In fact, in a very counterintuitive way, the banning of CRT may work out best for the controversial theory's proponents. How so? Opponents will declare victory, drop their guard, and be soothed by their success in enacting a forbidding "law."
Meanwhile, the teachers who want to teach it, the administrators who want to see it taught, will become far more clever and surreptitious in how they instruct its ideals and principles. It's exactly how a U.S. History teacher could cosmetically remove Howard Zinn from their course reading list, but still repeat his claims as facts during lectures.

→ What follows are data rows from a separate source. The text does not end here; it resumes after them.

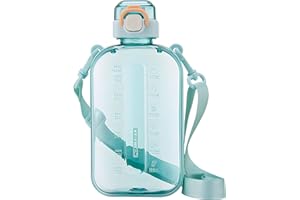 SEASEVEN Flat Water Bottle 750ml,Boys Girls Drinks Bottle,Waterbottle Leak-Proof Sports Water Bottle,Toxin Free，Bpa-Free(Flat Transparent Green)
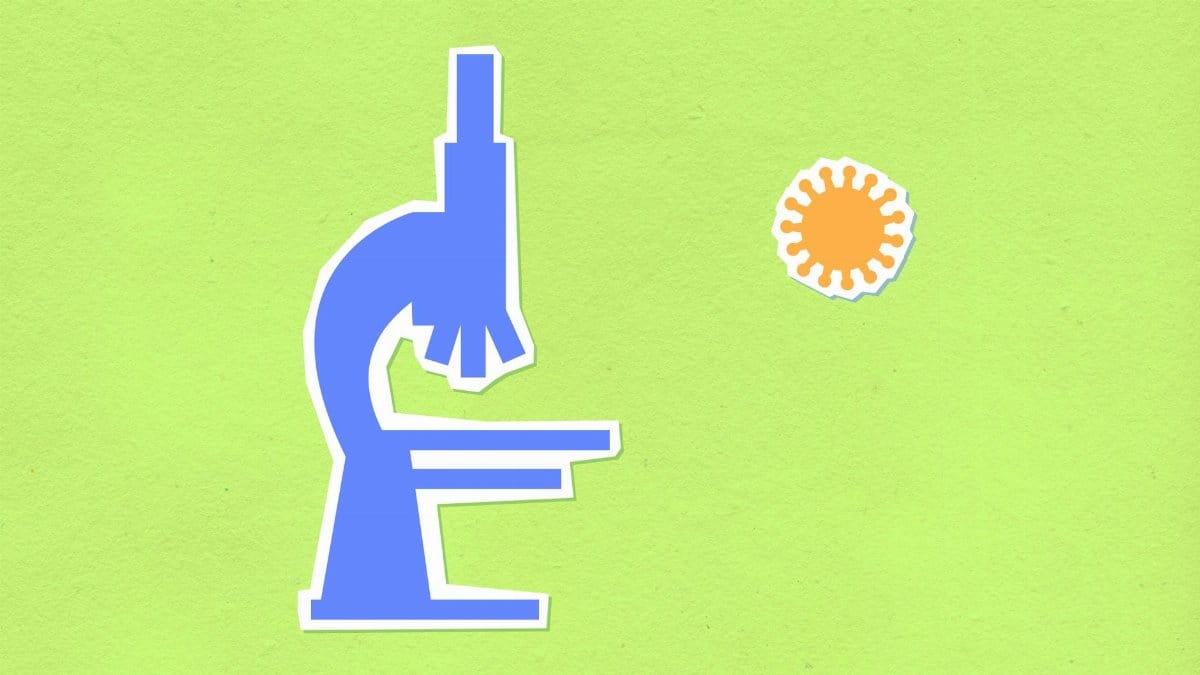 Creative design of cutout paper composition representing laboratory microscope and orange virus on bright background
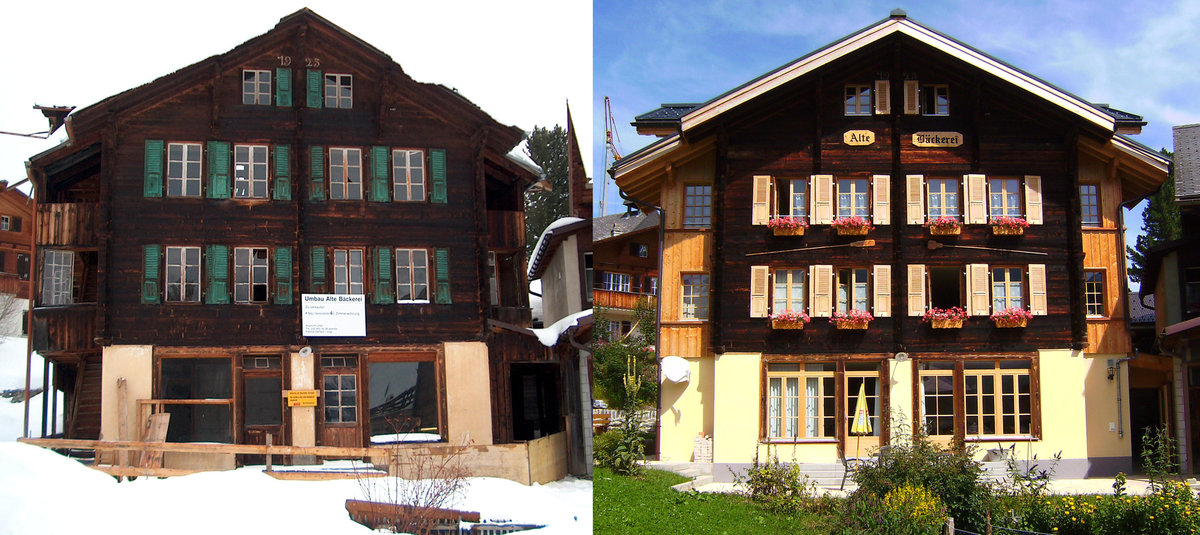 Mrren, Haus Alte Bckerei (Baujahr 1925) vor und nach der Renovierung. Aufgenommen 2005 und 2008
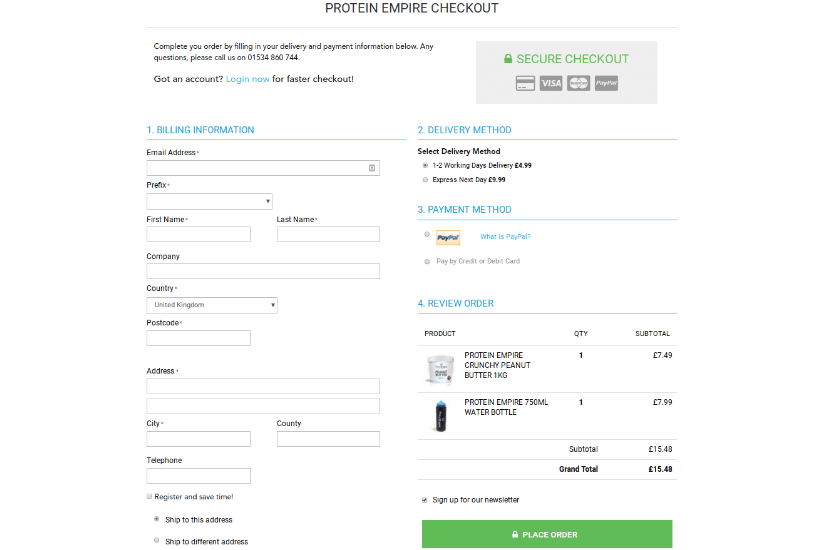 Protein Empire: an example of a simple, one-page checkout to boost eCommerce conversion rates.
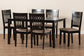 Baxton Studio Genesis Modern Beige Fabric and Dark Brown Finished Wood 7-Piece Dining Set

Consider other examples to see how this cuts both ways across the ideological divide. Progressive Darwinists have effectively hoodwinked lawmakers into imposing their religion on every public-school science classroom in America. They've made it illegal to even "teach the controversy" by pointing out the legitimate, logical, and obvious holes in unproven, unprovable Darwinian assumptions. Yet there is no doubt that there are plenty of classrooms where students and teachers discuss some of those very "banned" things.
It all makes me think back to perhaps the best piece of advice I got from my mentor teacher 20 years ago. He said something along these lines: "You know what you're doing, and you're going to learn and adapt through the years to what works. Every few months or years you're going to hear about some big legislative act that's going to change everything, and require you to do things so much differently than you've learned to do them. It'll pass. Don't get worked up, just keep doing what you're doing."
He's gone now, but I've never known a piece of advice to have been so accurate and useful.
So, what's the point of all this? I'm not trying to be discouraging, but rather realistic and honest about the situation. As a classroom teacher, let me offer the only tried and true, reliable solution for parents worried about what their child is learning at school. Take or leave all these new laws because in the end, even if you're successful in getting them passed, you've likely just emboldened any activist teacher you may be encountering.
Again, I'm not condemning or poo-pooing anti-CRT or anti-sexual indoctrination statutes. I'm just suggesting there's a more fundamental solution that needs to be engaged. The true fix is the same it has always been – involve yourself in your child's education to a degree greater than asking "how was your day today?"
Get to know the teacher(s) and administrator(s), volunteer to coach, lead the PTA, run for school board, sit on textbook adoption committees, look over your child's homework, skim through your kid's notes and reading assignments. It's a lot harder for teachers to dismiss and mistreat someone who has worked hard to ingratiate themselves to them, help them, and volunteer to support them.
So care. Be involved. And when you find yourself confused or concerned over something, approach the teacher in good faith, request reasonable accommodations if necessary, and escalate appropriately if circumstances warrant.